[Recorded data]
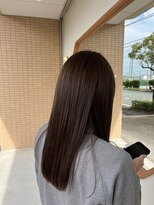 ソラ(SOLA)&nbsp;オリーブカラー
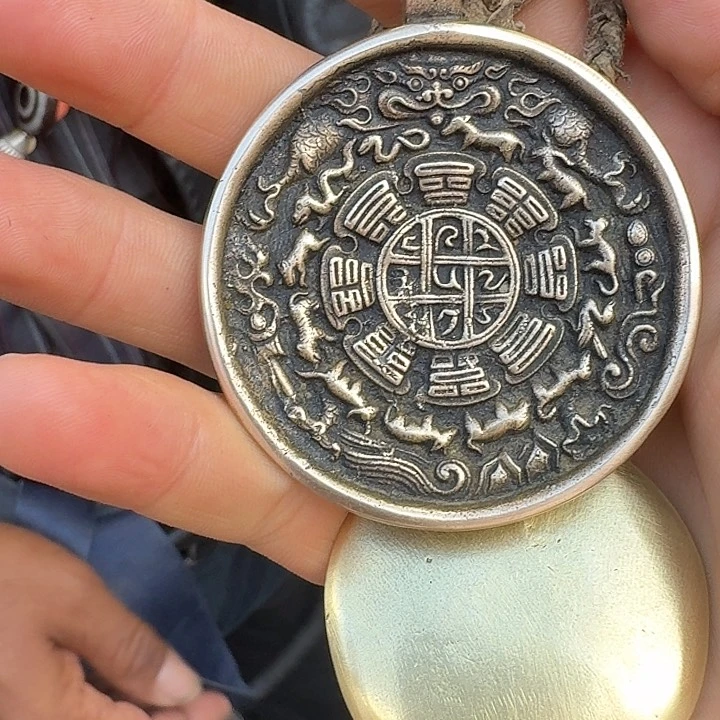 白帝马通老九宫一个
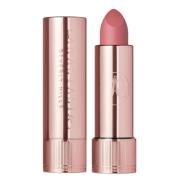 Anastasia Beverly Hills Matte Lipstick Hush Rose 3 g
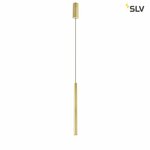 Eglo Hanglamp Zigbee Fraioli-Z 900077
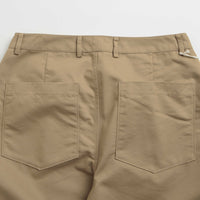 Universal Works Duke Pants - Sand thumbnail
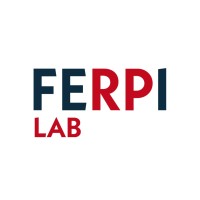 FERPILab logo - Similar company to Ferpi - Federazione Relazioni Pubbliche Italiana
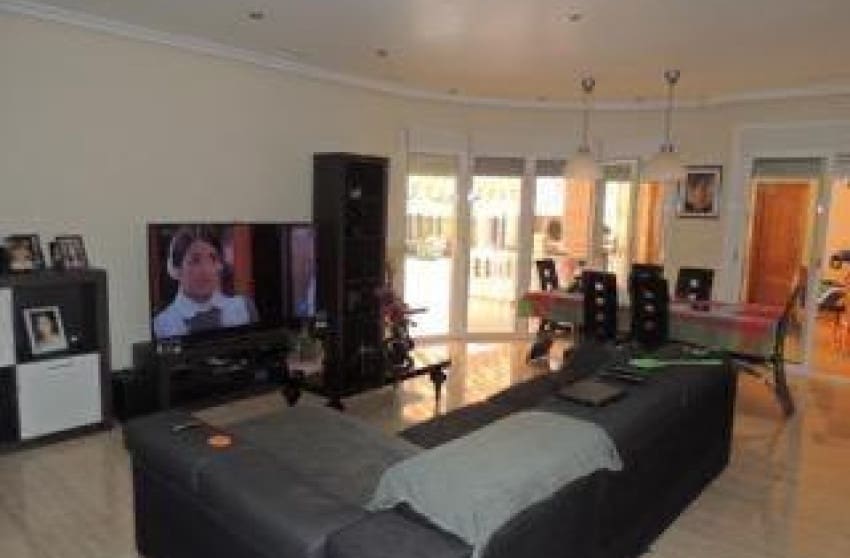 3 quarto Moradia para venda em Catral com piscina - 390 000 € (Ref: 9868113)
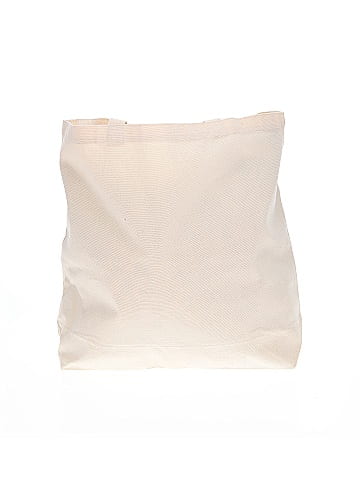 Assorted Brands Tote (view 2)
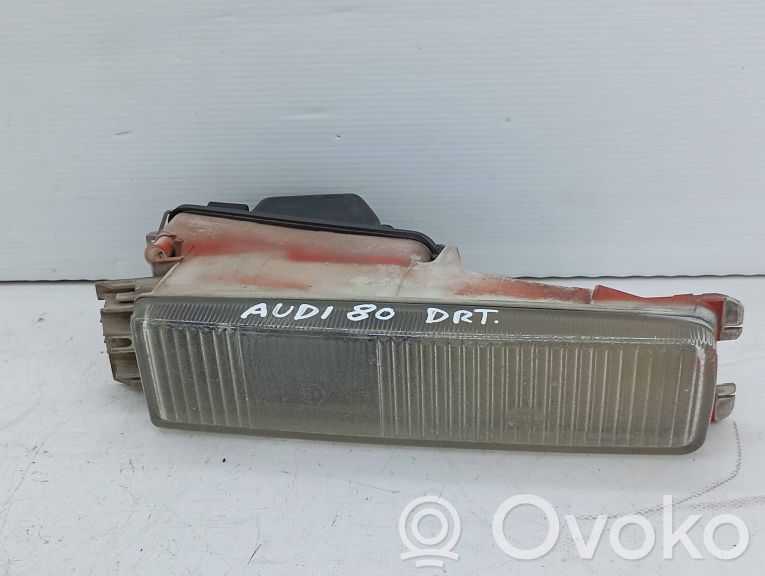 Audi 80 90 S2 B4 Etusumuvalo 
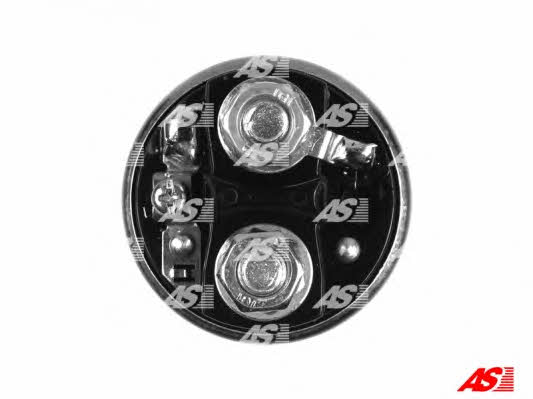 Купить AS-PL SS0015 по низкой цене в Украине!
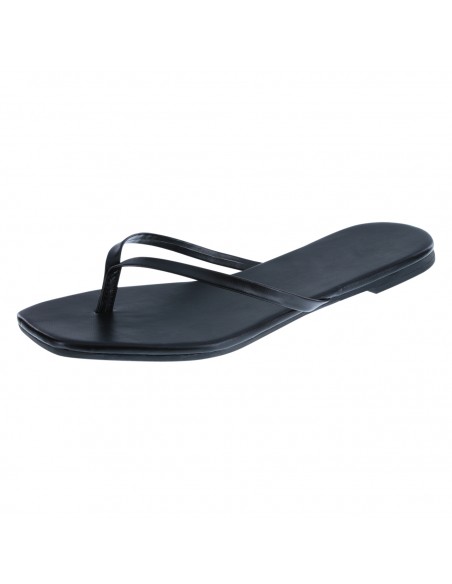 Sandalias Shoreline para mujer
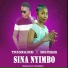 TRIONAIRE feat. HAWA NITAREJEA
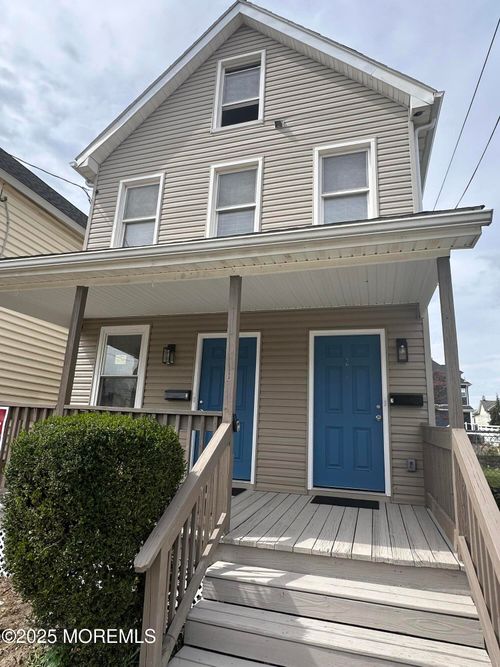 fl-1st-326 2nd St, South Amboy, NJ, 08879-1618 | Card Image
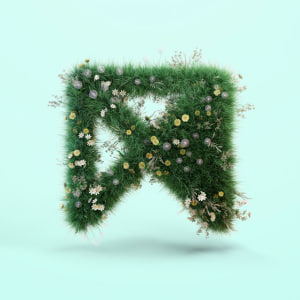  Trinix & Natalia Doco - Quedate Luna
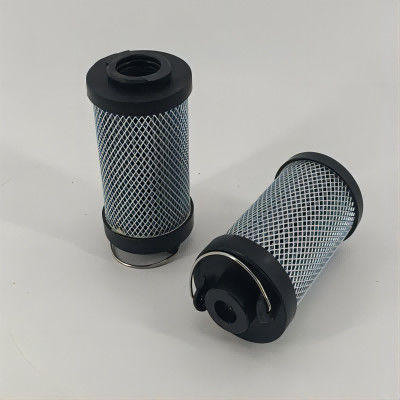 0400DN010BN4HC Hydraulisches Ölfilterelement für Baumaschinen und erschwingliche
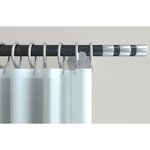 Fischer fixation métallique de cavité avec crochet hm 5x65 h 50 pcs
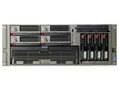 HP Proliant DL580 G3(399778-AA1)
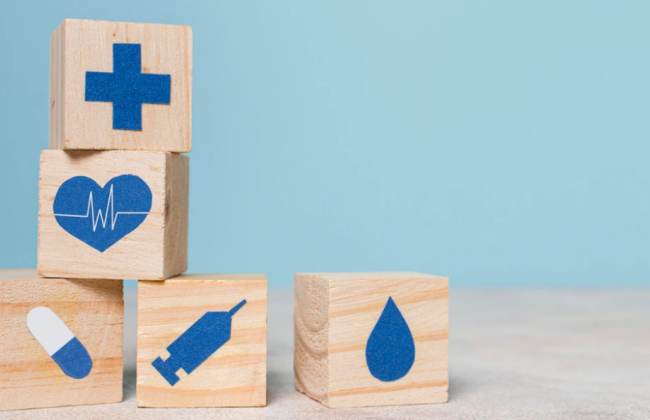 У МОЗ пояснили, як встановити інвалідність, якщо ви перебуваєте за кордоном, під час дії воєнного стану в Україні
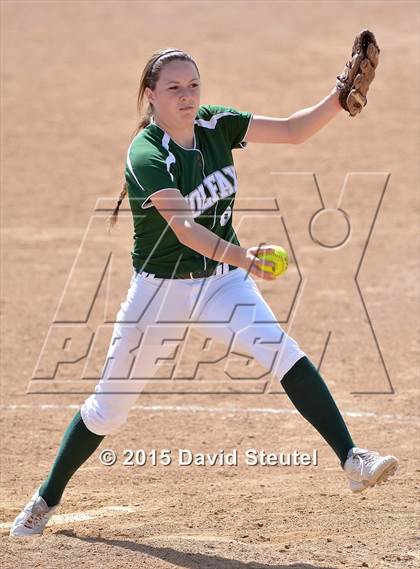Thumbnail 3 in Roseville vs. Colfax (Victory Pre-Season T.O.C.) photogallery.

Task goal: Could you output exactly the lines above, from the line with "Assorted Brands Tote (view 2)" up to and including the line with "Trinix & Natalia Doco - Quedate Luna", and nothing else, skipping the pictures?

Solved problem:
 Assorted Brands Tote (view 2)
 Audi 80 90 S2 B4 Etusumuvalo 
 Купить AS-PL SS0015 по низкой цене в Украине!
 Sandalias Shoreline para mujer
 TRIONAIRE feat. HAWA NITAREJEA
 fl-1st-326 2nd St, South Amboy, NJ, 08879-1618 | Card Image
  Trinix & Natalia Doco - Quedate Luna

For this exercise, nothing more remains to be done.